Truth be told, we ended up unintentionally dodging the issue – the relevant decision makers are all heading off on holidays for a few weeks (this seems common across a few agencies at the moment) which has brought us a few weeks to have a better answer.  How do we get a better answer?  Well, it means we need to really access the size of the agency market – if that’s going to be our niche, we need to get a few more on board and also have a much better idea on how large that eventual market really is.  Then we’ll be in a position to start building features, customising and targeting that niche.

Pricing has also been a topic we’ve debated on back and forward.  It’s a balancing act between needing to be flexible again (testing different markets and price points), but it gets more complicated as we sign customers.  Ultimately we needed to settle on something, even if just for a few weeks.  We’ve made a decision early on to largely target the same set of features in different product tiers because it greatly simplifies the tool at this point in time, however this become problematic in creating price tiers – how to make them look different?

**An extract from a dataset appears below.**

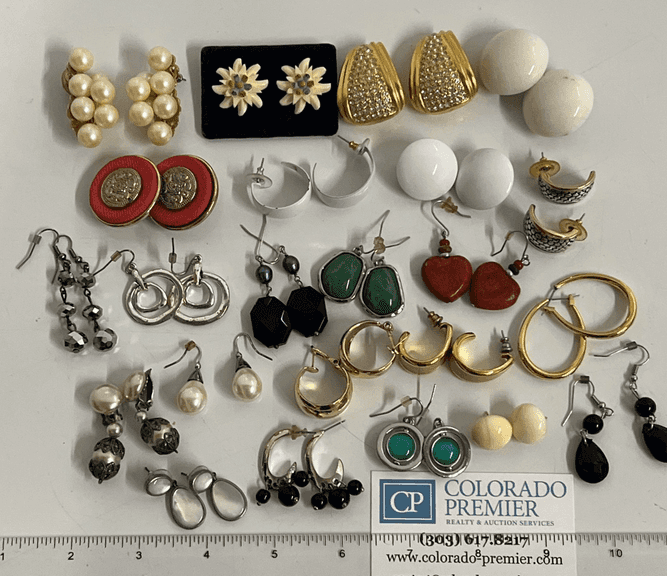 Vintage Earrings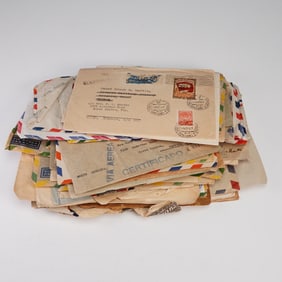 100+ Antique World Stamps, 1800s to 1900s, Mixed Countries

In the end we’ve gone with three differentiators – accounts (tier up and get more accounts for less), reports (tier up to be able to generate more reports) and custom reports.  The custom reports one is interesting – right now we really want to build more reports into Tribalytic, and we want to do it with customer input – we need to know what’s valuable rather than just try guess.  By explicitly pricing this in, we are actually articulating that value up front to customers in a way that we weren’t before.  It didn’t change anything we were going to do, but it does help the customer understand the value.  

Once I started thinking about it like that, lots of things we do have a customer value that we can explicitly express.  So my challenge for you is this – what are you doing as a “matter of course” that is actually something with a tangible customer value – should you be pulling this out and listing it? For example, if you’re developing on two week iterations, is “New features monthly” something that your customer will value?

On an engineering perspective, we eased off the accelerator.  We’ve pushed our release back a week – sometimes you wake up and realise you’re burning the candle at both ends.  It’s a marathon and not a sprint, making sure you cruise and conserve energy every now and again is critical.

Highlights

  • Two more customers.
  • New branded design coming together.
  • Good client meetings with potential new customers.
Lessons Learned

  • Think more about dates up front!  We lost a day with the leadership spill which highlighted (because it was so short and sharp) that we were a few hours out on our time handling (to do with having a server in LA, storing some things in LA time, some things in UTC and displaying them in Melbourne).  All resolved now, but has highlighted some engineering challenges for the future when we expand our market.
  • Go with your gut more often.  Don’t try over-rationalise your way out of something if your gut feel says you were right first time.  Otherwise known as “learn to say No and take the tough decisions”.
Goal this week – Customer

  • Preparation and then a significant pitch to a major “brand name” key client – if we get this one, we’ll be well on our way.
Goal this week – Engineering

  • Continuing to implement the new look and feel and inbound site design.  Hopefully launch towards end of this week.